Designing Code52: Part 1
18 February, 2012Code52 is an interesting mix of technologies that will always require something most developers are lacking: design. There has recently been the rise of the "devigner" - a developer who can do design, or even the other way around (particularly with web tech), and there are always exceptions to the case where somebody is equally good at design as they are at developing. Unfortunately - at least in the .NET world we've been looking at so far - this isn't the norm yet.
While this might sound like bragging (because some of our designs are nice), what we mean is "design is hard when coming from the developer side" hard work and practice - just like any new programming technique - is all it requires.
Over the coming weeks we'll share what process we go through for design, as well as the inspirations and resources we draw on to improve our designs.
Today, however, I wanted to share some of the tools - both digital and physical - that I use for designing Code52.
Physical Media
Yes, I go "old school" for just about every design. We still live in a world where its easier to quickly sketch something by hand, then spend more time making it more accurate digitally
Pens
The best investment for design sketching I've made is the set of Sakura Pigma Micron, size 005 (0.20mm tip) pens I have. The tiny pen tip allows for very fine drawing, and the lovely ink doesn't smudge.
While $3-5 a pen might seem expensive, these suckers last. Miguel Endara drew a piece of art composed of 3.5 million dots (a technique known as stippling)... with just one of these pens.
I don't only use Sakura pens - I also have a Staedtler Mars Micro mechanical pencil (which is "ok") and a LAMY Logo fountain pen with EF nib (which is awesome). Most people would just write with a fountain pen (which it excels at), but the broader tip (than the Sakura pens) and particular type of ink produce fantastic results.
Paper
I use a mix of paper - three different notepads and a draughtsman table with some random A3 paper I've found. At the moment my wife and I are house sitting for friends, and we haven't moved the table so I can't grab a photo of that, but here are the three notepads.
From left to right, a hardback Whitelines A5 notebook (grid ruled), a Rhodia "#15" (same as the #16, but 300 pages instead of 90) A5 (grid ruled) and an unruled A5 notebook I was gifted - it doesn't have a clear brand on it, so I can't provide more details.
I have also been considering a more "pocketable" A6 notepad to take everywhere with me - if you've got any suggestions, leave a comment below.
Digital Media
Hardware
While I'd love a Wacom Cintiq (if any philanthropists are listening!), I "make do" with the Wacom Bamboo I have - it's a few years old now and bottom of the range, but still a very nifty tool.
The tablet came in particular handy for Samurai's design, as we wanted to maintain a "hand drawn" look.
Software
Adobe Illustrator and Photoshop - when it comes to vector and bitmap manipulation, there isn't much better.

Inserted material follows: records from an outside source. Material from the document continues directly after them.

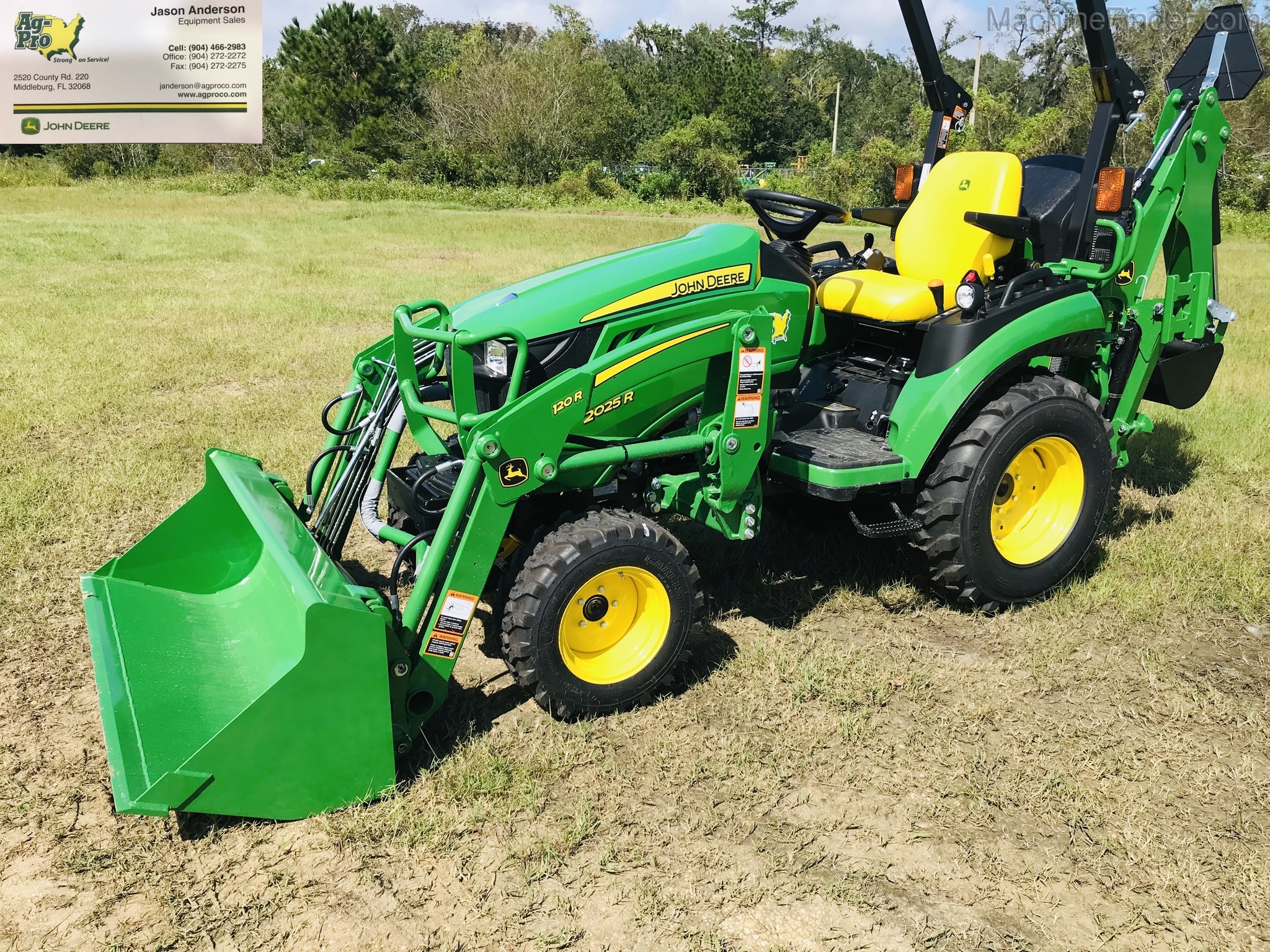 2020 John Deere 2025R/BACK HOE Image 2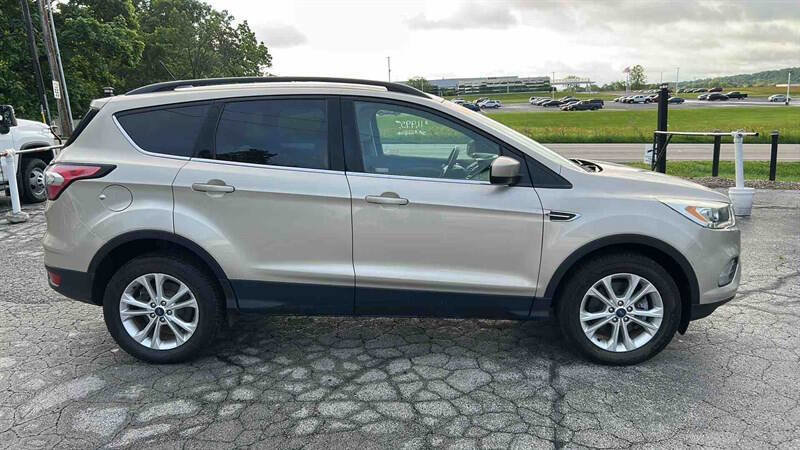 Used 2018 Ford Escape SEL image 1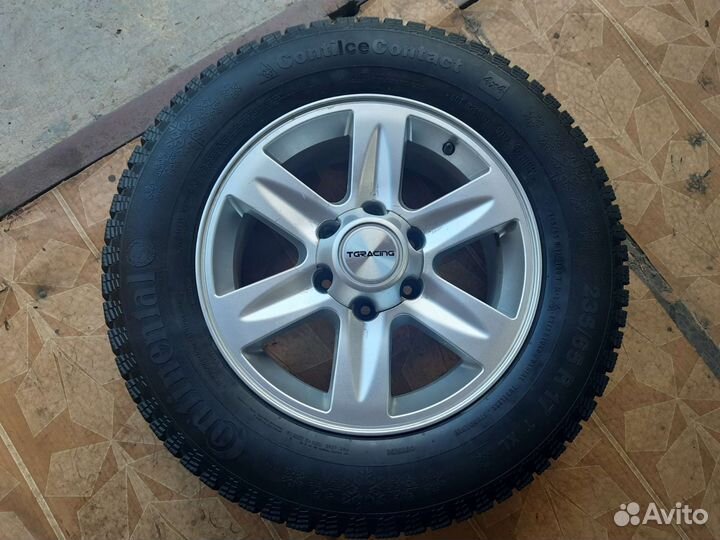 Продам колеса R17 235/65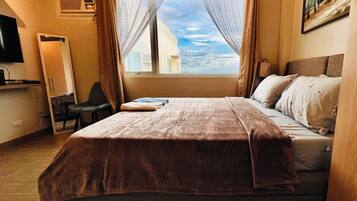 Desk, laptop workspace, iron/ironing board, free WiFi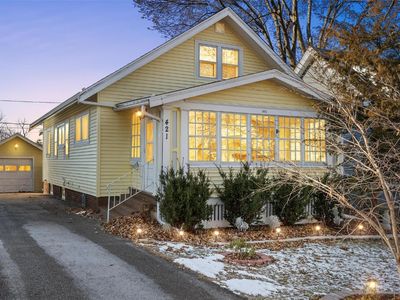 421 22nd St NE, Cedar Rapids, IA, 52402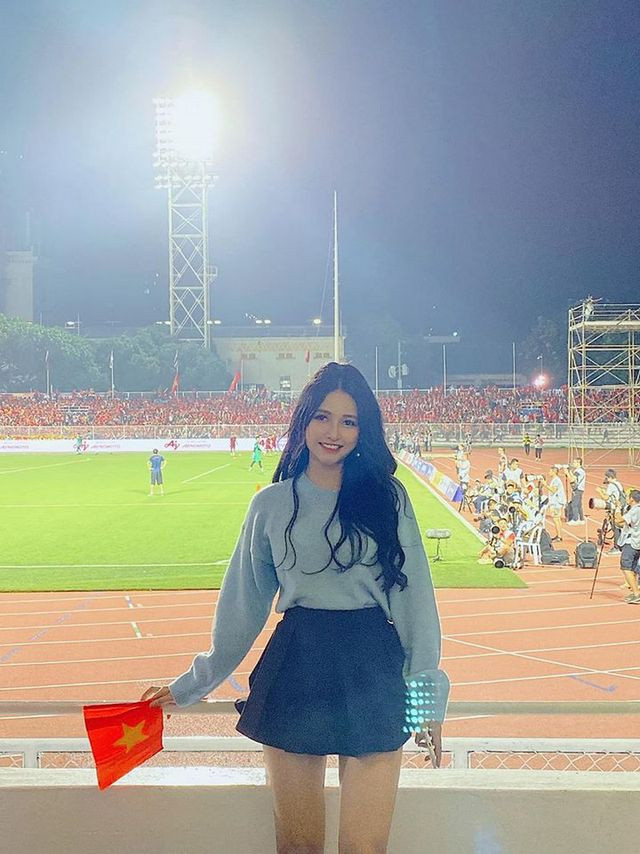 4 nữ cổ động viên bóng đá đẹp hơn hotgirl, mặc đồ cực nóng bỏng - Hình 11 4 nu co dong vien bong da dep hon hotgirl, mac do cuc nong bong-Hinh-11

In Photoshop CS5, proper "painting" brushes were introduced which puts Corel's Painter to shame.
Icons
For icon generation, we had some unpleasant results using Paint.NETs export, so we've moved to using Telegraphics (free!) Photoshop ico exporter plugin and combining with their (still free) IcoBundle. This allows very fine tuning of resizing and what format.
Why is this needed? Well, Windows XP will crash and burn when you run any app with a "PNG ICO", requiring the much uglier (and larger) "BMP ICO".
The "work flow" for this:
- Resize each "size/layer" in Photoshop using "Bicubic Sharper (best for reduction)"
- Manually tweak a few pixels here and there the smaller it gets for legibility (Optional)
- Save as
imagesize.ico
(ie,256.ico
,64.ico
) - make sure its a square image - and select "Standard ICO" as the output format. - Once all the sizes are exported, from a command line
icobundl.exe -o projectname.ico 256.ico 128.ico 64.ico
.
This gives ~200-500kB icons compared to PNG's that would be 20-60kB, but this is the only way to maintain compatibility (and good scaling) on Windows XP up.